=== Section Start ===

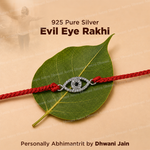 925 Sterling Silver Evil Eye Rakhi | Pure Silver Raksha Bandhan Thread | Handmade Spiritual Protection Rakhi | Adjustable Sacred Rakhi for Brother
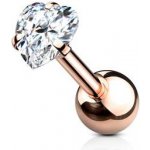 Šperky4U Cartilage piercing do ucha srdíčko CP1075-RDC – Zboží Dáma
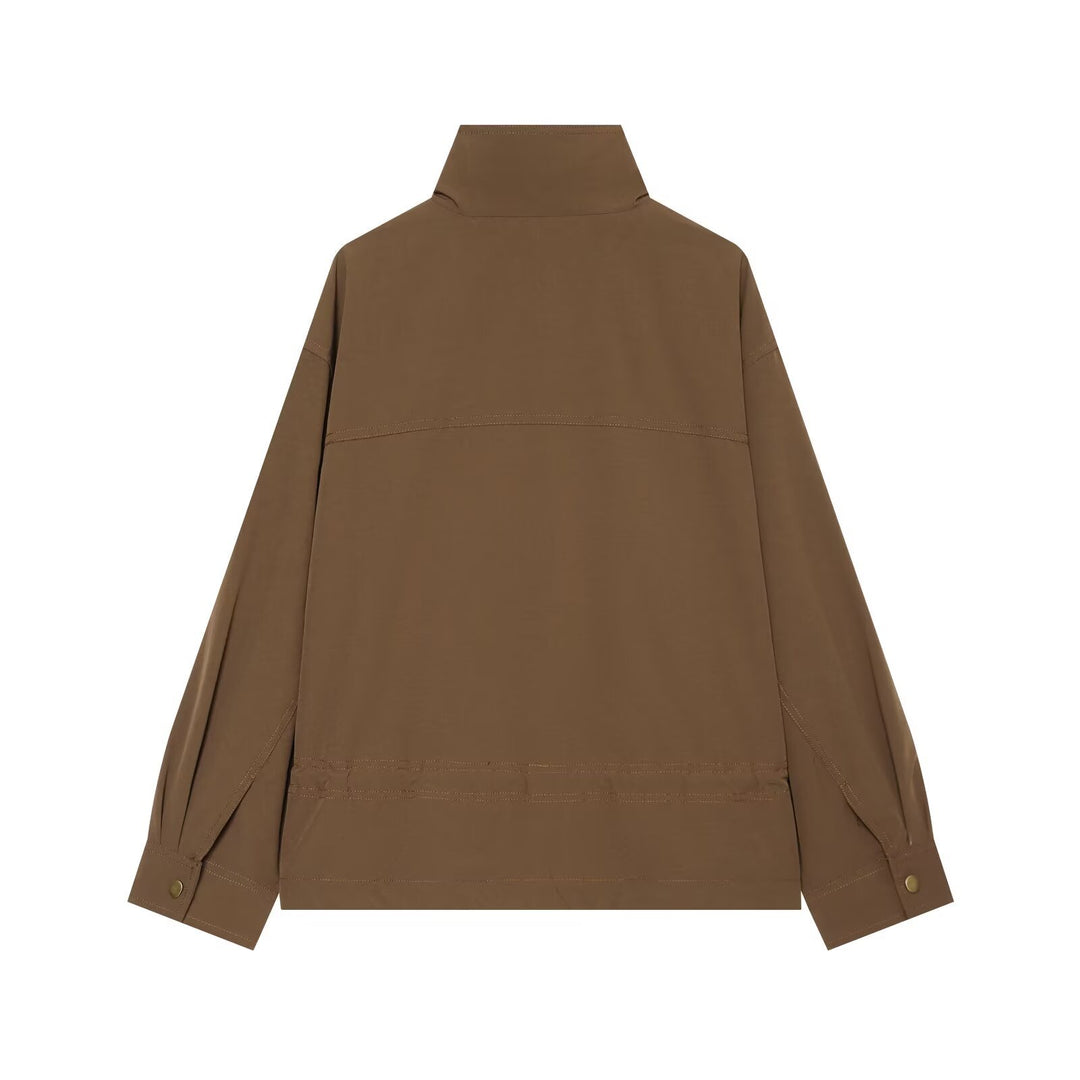 Women’s transitional jacket with standing collar, drawstring and utility pockets Mune Fashion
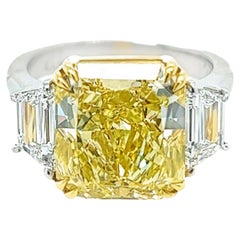 David Rosenberg 7.81 Carat Radiant Fancy Yellow VS1 GIA Diamond Engagement Ring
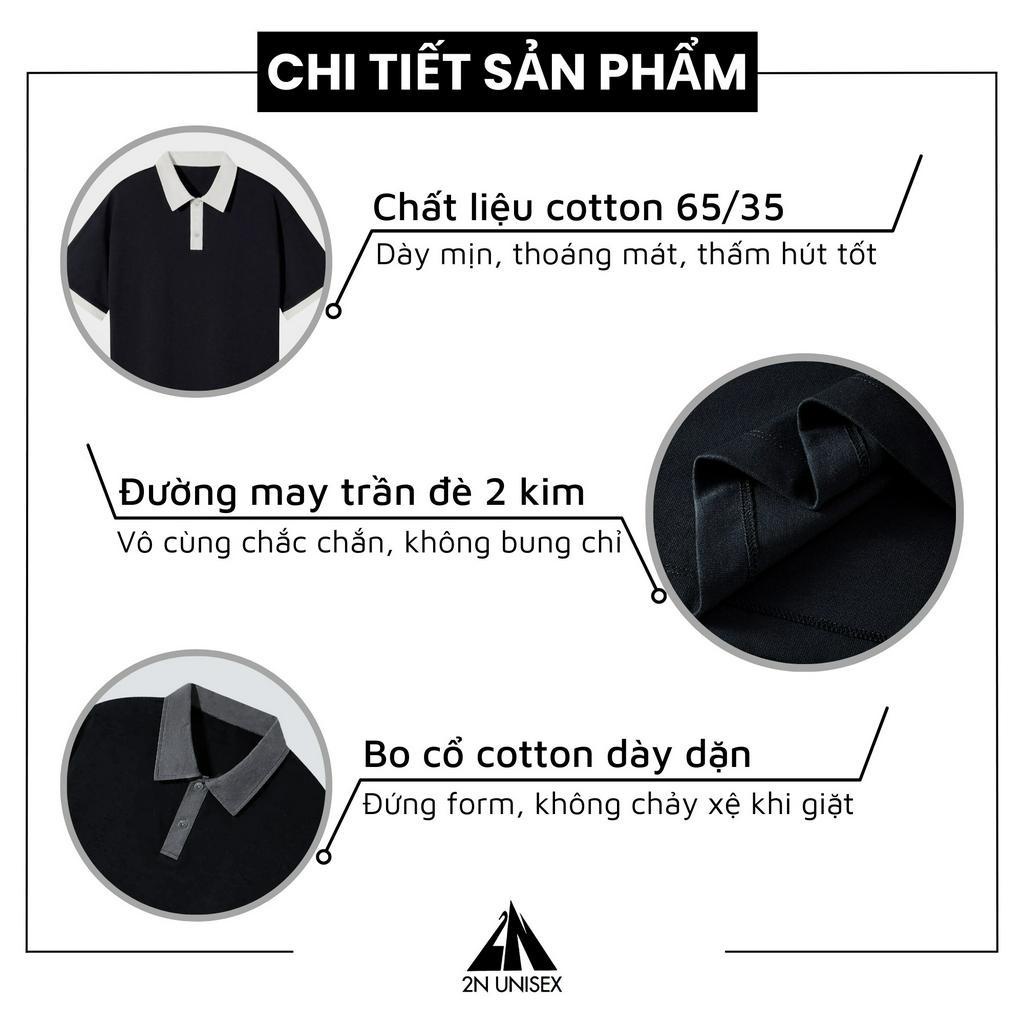 Áo polo nam nữ form rộng 2N Unisex thun cotton thêu 1968 màu đen/trắng/be
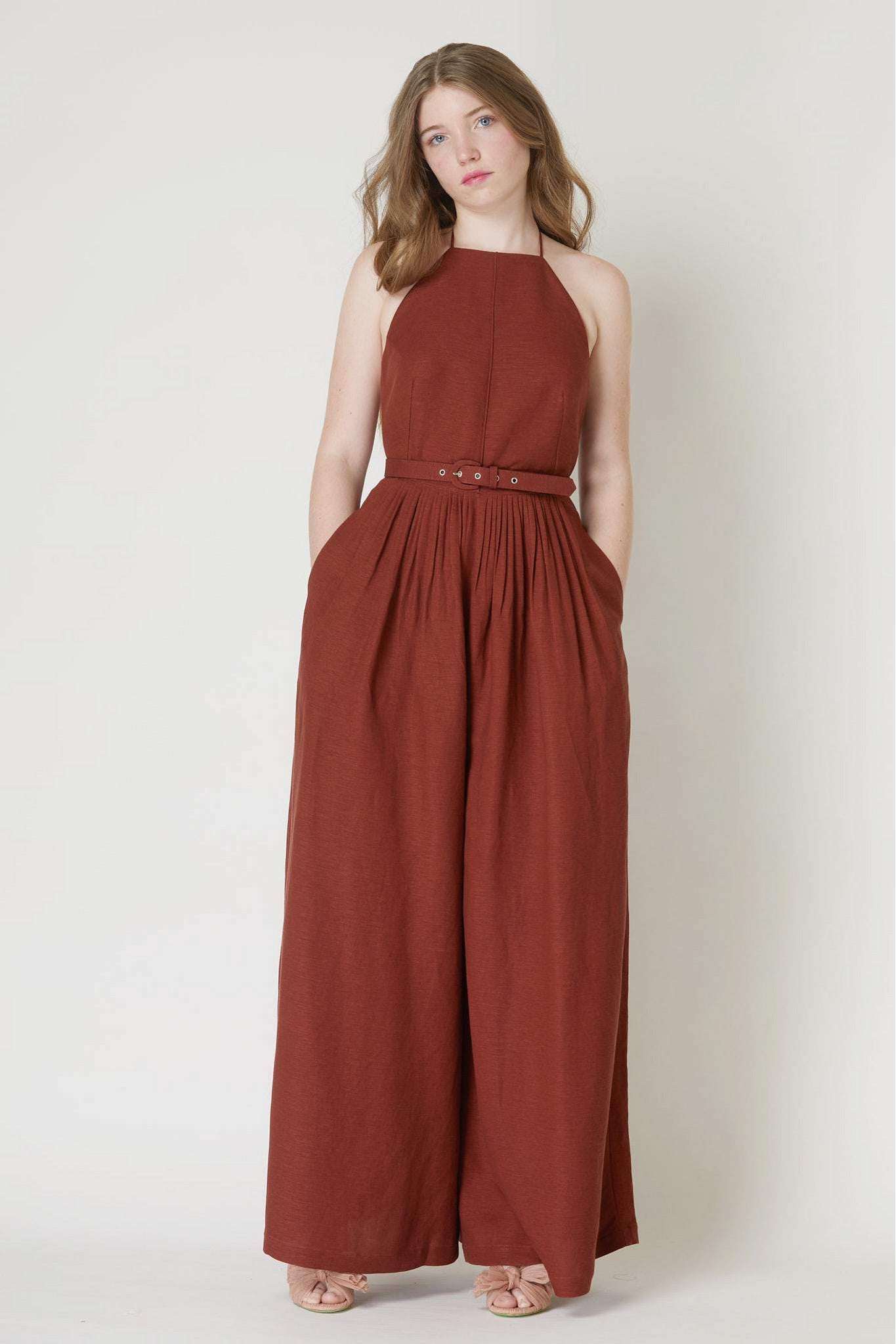 Marie Jumpsuit in Solid Linen Jumpsuits CHRISTINE ALCALAY Redwood 0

=== Section End ===

Please write out exactly the lines from the one holding "Women’s transitional jacket" through the last line of the material above, both included, as a copy without pictures.

 Women’s transitional jacket with standing collar, drawstring and utility pockets Mune Fashion
 David Rosenberg 7.81 Carat Radiant Fancy Yellow VS1 GIA Diamond Engagement Ring
 Áo polo nam nữ form rộng 2N Unisex thun cotton thêu 1968 màu đen/trắng/be
 Marie Jumpsuit in Solid Linen Jumpsuits CHRISTINE ALCALAY Redwood 0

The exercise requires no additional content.